Ask a Skytap Engineer: Lonnie Hutchinson

For this edition of the ‘Ask a Skytap Engineer’ series, I spoke with Lonnie Hutchinson, Senior Architect with Skytap. Lonnie focuses on provisioning and orchestration. Prior to joining Skytap, he worked on a purpose-built database for storing high volumes of time-based performance metrics for HP. In his spare time Lonnie dabbles in amateur astronomy, metalworking, and urban farming.​

1) What sort of development problem was Skytap Cloud created to solve?

Specifically, it wasn’t built to solve a development problem. It was created to be a platform to enable the complex, dynamic, cloud infrastructure needed not only during the development phase of the lifecycle, but testing, staging, and ultimately the production phases as well.

The dynamic nature of Skytap Cloud, relative to EC2, Azure, or Rackspace, enables developers to build the systems they need when they need them. When you realize you need to multi-home your service to solve a security issue, you can go for it—you don’t need to wait for IT to run a network drop, plug it in, or reconfigure networking.

2) As Skytap Cloud grew and we started reaching scalability limits of the initial architecture—what was the plan?

By mid-2010, Skytap had started to reach the scalability limits of the initial architecture for two of the four main components in the system.
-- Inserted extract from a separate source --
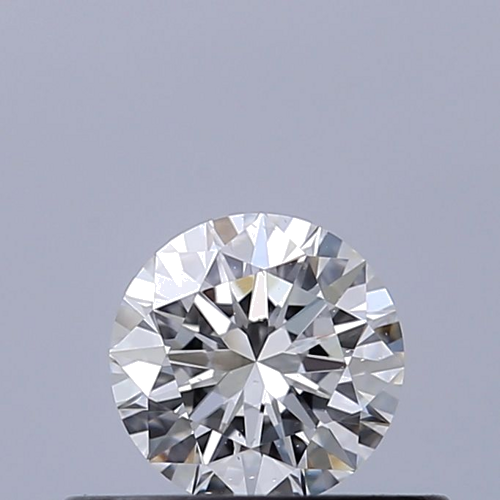0.34 carat F-SI1 Excellent cut Natūralus Round Deimantas (1)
System reliability was suffering due to single points of failure—sometimes due to bugs, sometimes due to expected hardware failures. There were several conditions that threatened to prevent feature development, so it was time to rewrite.
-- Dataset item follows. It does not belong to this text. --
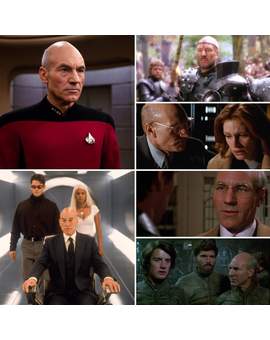 Cumple 81 Años "Patrick Stewart". Qué Película és Vuestra Preferida y la que Menos?. 
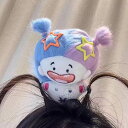 2個 发箍 カチューシャ イヤーヘッドバンド かわいい ハロウィンヘアフープ 仮装 パーティーヘアフープ 動物 耳 カチューシャ パーティーヘッドバンド Halloween パフォーマ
Developers use the best tools available to them—and at Skytap, that includes our own product. One of the requirements of the rewrite was to remove single points of failure by introducing load balanced clusters of services behind VIPs with failover. Also, despite introducing more layers and more complexity into the system, we couldn’t let performance degrade. At the time, Skytap was a fairly small company that needed to continue delivering features, so we couldn’t devote the entire team to the effort—it had to happen in parallel.
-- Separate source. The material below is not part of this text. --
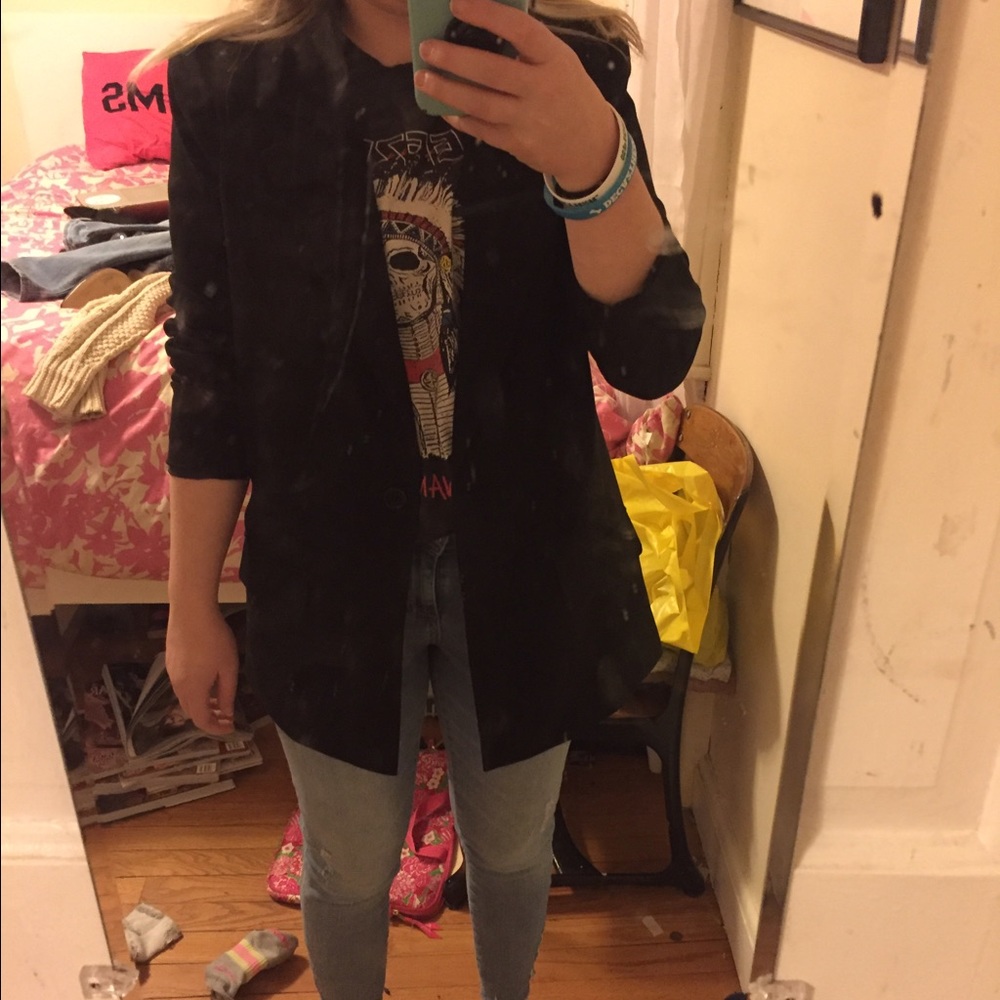 Toni boyfriend blazer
Skytap Cloud was invaluable during the rewrite in two ways. First, being able to run identical machines in isolation from each other made development more efficient, particularly when done in parallel. Second, the highly dynamic nature of Skytap configurations, particularly around networking, reduced development delays as the system rapidly evolved.

During the rewrite, I got to the point where I would have several change sets backed up waiting for a build. Then, they would all be built together. But determining which failures were caused by which change set became less obvious.

To help with this, I cloned my build server and ran two identical copies of it. This way I could start builds for specific change sets when I wanted to, rather than waiting for the resources to become available. Setup was trivial since Skytap can run identical isolated copies of the same virtual machine with the same network settings. All I had to do was give the clone a unique public IP so I could access the machine remotely.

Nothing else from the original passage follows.